Of course, there’s the cartoon juggernaut that Disney created in the 60’s that pretty well sealed the deal for the book being dismissed as kid stuff.

Once a book gets gobbled up by Disney, that’s usually all anyone ever sees of it again. (Who remembers that Pinocchio originally was a novel by Carlo Collodi? Show of hands? Okay, I rest my case.) And Disney did Mowgli TWICE. He was a brand-name for the Mouse Corporation for decades.

Nevertheless, the authentic Kipling Mowgli’s appeared a couple of other places in comics and cartoons. Chuck Jones did a magnificent adaptation for television in the 1970’s that’s recently been made available on DVD.

(I really wish someone would package this with Jones’ other two equally brilliant Kipling adaptations, Rikki-Tikki-Tavi and The White Seal; seems like a natural boxed set to me, but I guess it’s too easy.) Don’t let the charming character design work fool you; it’s a dark, violent piece of work and very faithful to Kipling’s original.

Craig Russell also did a couple of Mowgli stories in his classic anthology Night Music. This is a wonderful overlooked treasure that somebody, somewhere, needs to reprint all of in trade (not just the opera stuff — ALL of it) if they haven’t already. I have a horrible feeling that it’s snarled up in the same McFarlane/Eclipse rights muddle as Miracleman, but maybe not.

And of course, Mowgli’s a recurring character in Fables, but I think that’s getting rather far afield. I just wanted to note that yes, I counted Mowgli in the feral-adventure-hero roundup … but sometimes being first isn’t enough. After all, Somerset Maugham’s Ashenden was the first modern British super-spy, but it’s Ian Fleming’s James Bond that everyone knows. And so on.

Which is to say that for all intents and purposes, really, the guy that started the rock rolling down the hill for the massive success of jungle-adventure pulps and comics was Tarzan. He remains the template.

You really have to do the research to get an idea of the STAGGERING number of noble savages that swarmed the pulp magazine racks and later, the comics racks, in the wake of Tarzan. And they were there for decades. The GCD lists some 69 books with “jungle” in the title alone. Bomba the Jungle Boy. Nyoka, Queen of the Jungle. Jann of the Jungle, not to be confused with Jan of the Jungle. Jungle Jim. Jungle Jo. Jungle Lil. Lorna the Jungle Queen. Jungle Action, Jungle Adventures, Jungle Drums, and there have been five different books from five different publishers called simply Jungle Comics between 1940 and 1998.

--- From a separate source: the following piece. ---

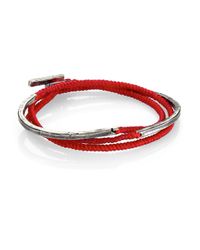 M. Cohen | Red Three-Layer Twisted Cord Carved Cuff Bracelet for Men | Lyst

Seriously, I hardly scratched the surface over the last few days. Bottom line, from roughly 1925 or so to the early 80’s, a month did not go by without some feral jungle-savage hero — maybe Tarzan, maybe Ka-Zar or Sheena, but somebody — made available to consumers either in a pulp magazine or in comics. Clearly, this is an archetype that popular fiction keeps gravitating to, the same as it does the urban masked crimefighter, or the teen hero on a journey of discovery. There’s no way we’ll get to them all (and, to be honest, not that many of them are worthy of attention) but it’s worth looking at some of them.

The most obvious Tarzan knockoff is the official one. Korak, Son of Tarzan. Burroughs never did much with him in the books; Korak gets to star in one novel and he has a cameo in one or two of the others. And in the one novel he gets to headline, the Korak story is about Korak running off to the jungle and becoming Tarzan junior, and except for the part where Tarzan and Jane are looking for him, the book is mostly a replay of the adventure and romance riffs that were in the preceding three books. Only starring Korak instead of Tarzan. He meets a girl, they come together, they are torn apart, they get back together, there are evil jungle invader types, Korak has to find the girl and save her, and so on. Edgar Rice Burroughs was one of those writers who had a million ideas but only one plot. By the end of the book he has married Korak off to Meriem, and that was that. It’s a fun book, but it’s Tarzan Lite.

Korak in the comics was rather more interesting. He had a pretty fair run from Gold Key and a short-lived run after that at DC, maybe fifty-plus issues in all. The novel and the romance with Meriem are acknowledged, but for almost all of his run in comics Korak is basically looking for the missing Meriem and having to solve other people’s problems along the way. As a story-generating device, well, it’s okay, but the fun part is that Korak is the member of the Tarzan family that the really WEIRD shit happens to.

A lot of this is due to his adventures being scripted at DC by Robert Kanigher, who never, ever, threw away a story idea because it was too freaky. But a lot of the Gold Key Koraks are just as nutty.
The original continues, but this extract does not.